Saturday, April 22, 2006

Drinking and Culpability

Of importance to the Duke rape case, Michelle Anderson points us to an interesting study about how alcohol affects people's perceptions of culpability in rape cases.
How will intoxication of the parties affect an assessment of blame? Studies on the issue are fascinating. In a 1982 study (Richardson & Campbell, The Effect of Alcohol on Attributions of Blame for Rape, 8 Per. Soc. Psychol. Bull. 468 (1982)), participants read a story about a college student raped at a party. Some students read a story in which the attacker was drunk and some read a story in which the victim was drunk. The male attacker was held less responsible for the rape when he was intoxicated than when he was sober. By contrast, the female victim was held more responsible when she was intoxicated than when she was sober.

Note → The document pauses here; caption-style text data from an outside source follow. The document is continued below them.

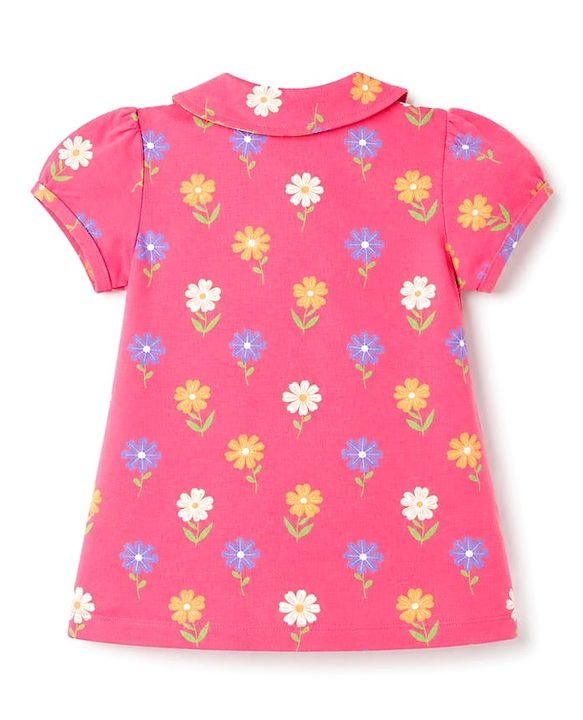 Babyhug 100% Cotton Knit Half Sleeves Front Open Top & Pyjama Night Suit with Floral Print - Pink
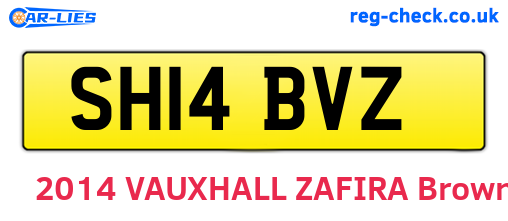 SH14BVZ are the vehicle registration plates.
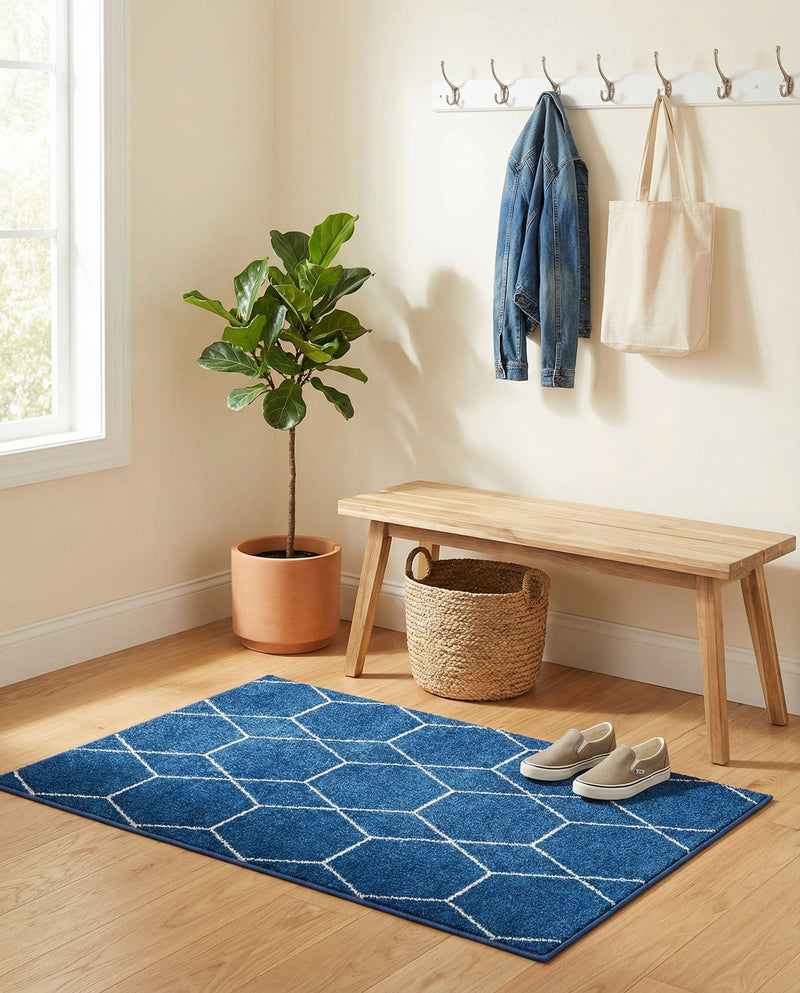 Trellis Mosaic Collection Area Rug - Arborville (Navy Blue) Rectangle Navy Blue  lifestyle 15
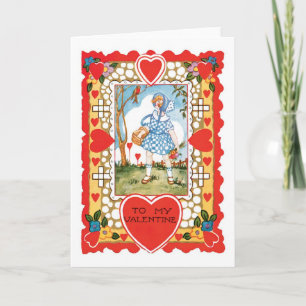 Antike Valentinstagskarte Feiertagskarte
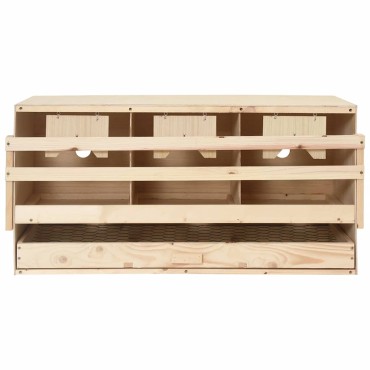 vidaXL Φωλιά για Κότες με 3 Θέσεις 72x33x38 εκ. από Μασίφ Ξύλο Πεύκου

In a 1997 study (Stormo et al., Attributions about Acquaintance Rape: The Role of Alcohol and Individual Differences, 27 J. Applied Soc. Psychol. 279 (1997)), participants assessed rape scenarios involving two college students who meet at an off-campus party. Students read stories that varied the level of alcohol consumption by the perpetrator and victim. The study indicated:
Results of the present investigation support and extend previous research indicating that intoxicated behavior differentially influences the degree to which responsibility and blame are attributed to the victim and perpetrator depicted in a rape scenario. Whereas the bottle may grant a pardon to the perpetrator, it tends to hold greater blame for the victim.

The study continued, "When portrayed as moderately or highly intoxicated, the victim was assigned significantly more responsibility/blame and the perpetrator significantly less." It noted, "At the same time, perpetrators were held less responsible and blamed less when portrayed as moderately or highly intoxicated."

Hence, his inebriation tends to taint her and exonerate him. Likewise, her inebriation tends to taint her and exonerate him. Boys will be boys. Girls had better not be drunken sluts.

The double standard has an exception, however. The 1997 study indicated that, if the victim was perceived as more inebriated than the perpetrator, he was perceived to be more blameworthy. "This suggests," researchers wrote, that participants "placed additional blame on the perpetrator when he seemed to be taking advantage of someone more incapacitated than he."

One thing that I wish the studies included (or maybe they did and Professor Anderson didn't include them) was if the gender of the study participants meaningfully impacted there response. Such data would definitely help refine some of the issues I raised in "Rape for the Perspective of its Victims."

But in spite of that, I think this sort of mentality is important to keep in mind as we evaluate the Duke case. The role of alcohol is definitely going to come up as the trial continues, and it's important that, when evaluating it as a factor, we do not do so in a discriminatory manner.

2 comments:

The probligo said...

There was a charming little gent here in Auckland a couple years back who tried to suggest that because his victims were insensate (he had drugged their drinks) then they suffered no mental distress as a result of his raping them.

Anonymous said...

Most studies show the same results regardless of gender of the participants. I'm not sure what the study you cited would show, but that seems to be the trend.